# YOUR OBJECTIVE
Every line from the opening of the records to the line with "کتاب Unsavory Truth" should be restated exactly, with both ends included and the pictures left out.

# ENTRIES SUPPLIED
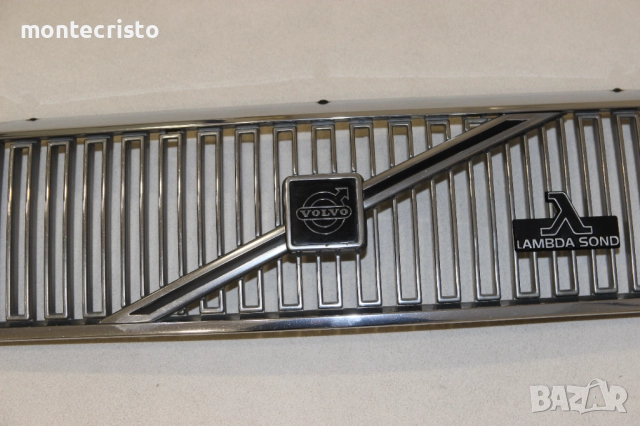 Предна решетка Volvo 460 (1991-1996г.) Volvo 960 (1991-1997г.) 9126605 / 9126997, снимка 4 - Части - 52865861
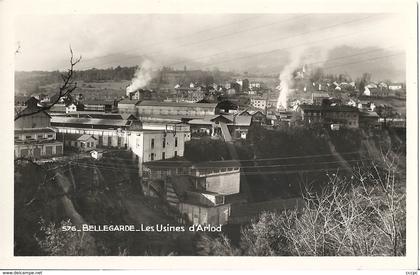 CPSM Bellegarde Usine d'Arlod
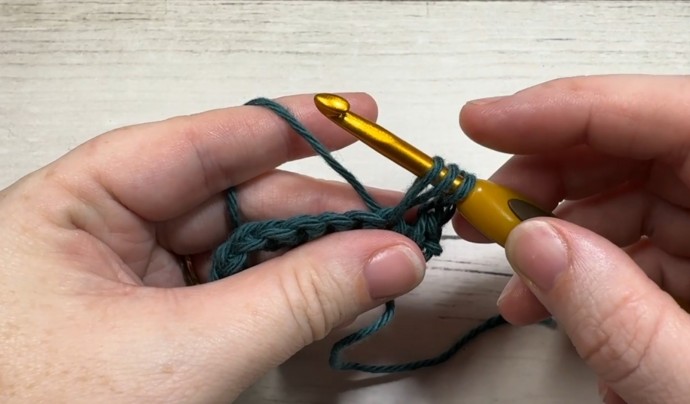 How to Crochet the Seashell Stitch Photo Tutorial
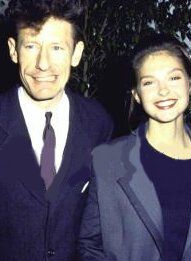 Ashley Judd and Lyle Lovett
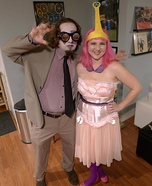 Princess Bubblegum Homemade Costume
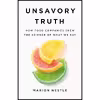 کتاب Unsavory Truth اثر Marion Nestle انتشارات Basic Books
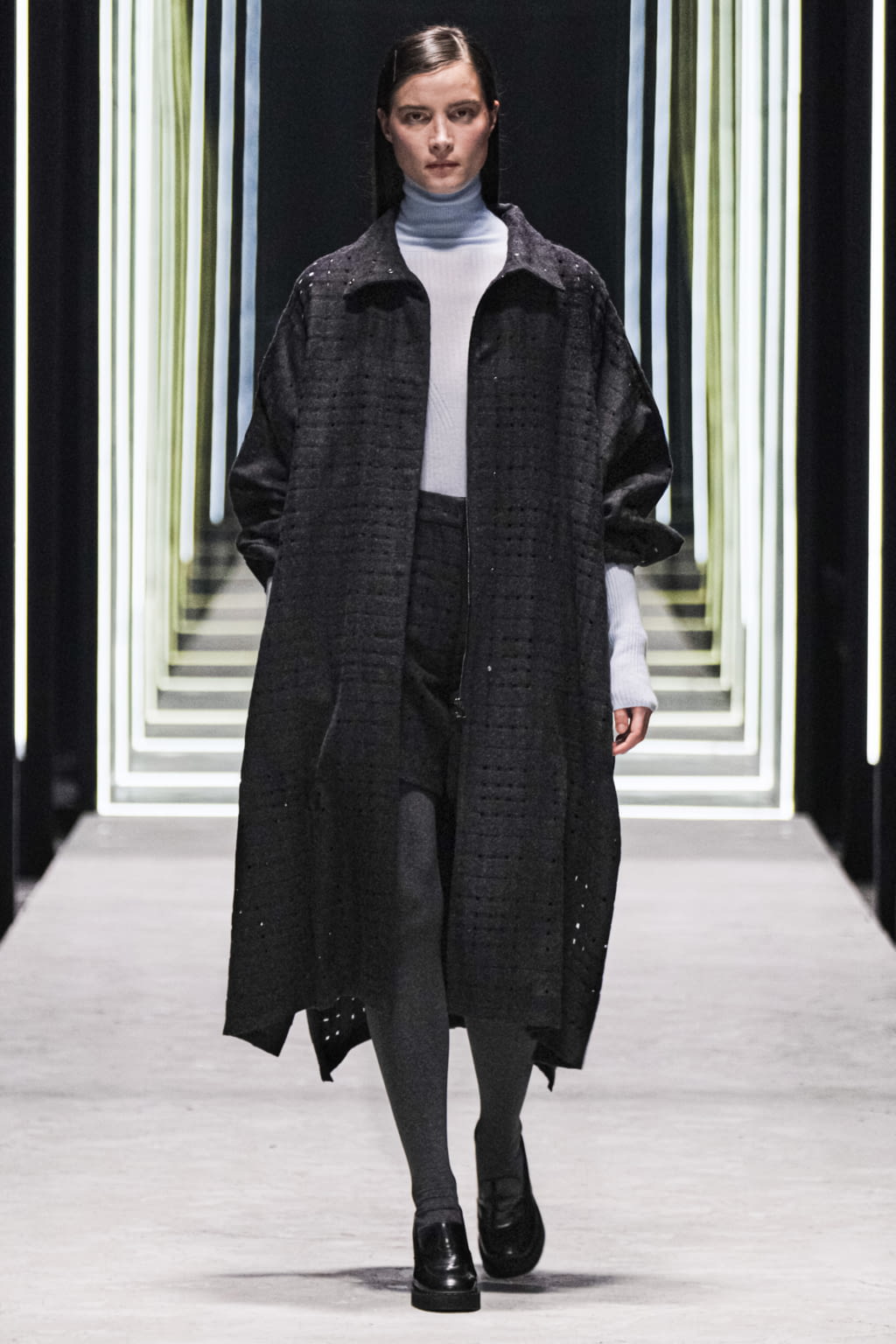 Fashion Week Milan Fall/Winter 2022 look 30 from the Anteprima collection womenswear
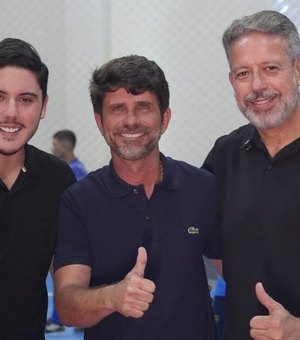 Arthur Lira e Álvaro Lira prestigiam inauguração de ginásio e reforçam compromisso com União dos Palmares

# OUTPUT FOR THIS EXERCISE
 Предна решетка Volvo 460 (1991-1996г.) Volvo 960 (1991-1997г.) 9126605 / 9126997, снимка 4 - Части - 52865861
 CPSM Bellegarde Usine d'Arlod
 How to Crochet the Seashell Stitch Photo Tutorial
 Ashley Judd and Lyle Lovett
 Princess Bubblegum Homemade Costume
 کتاب Unsavory Truth اثر Marion Nestle انتشارات Basic Books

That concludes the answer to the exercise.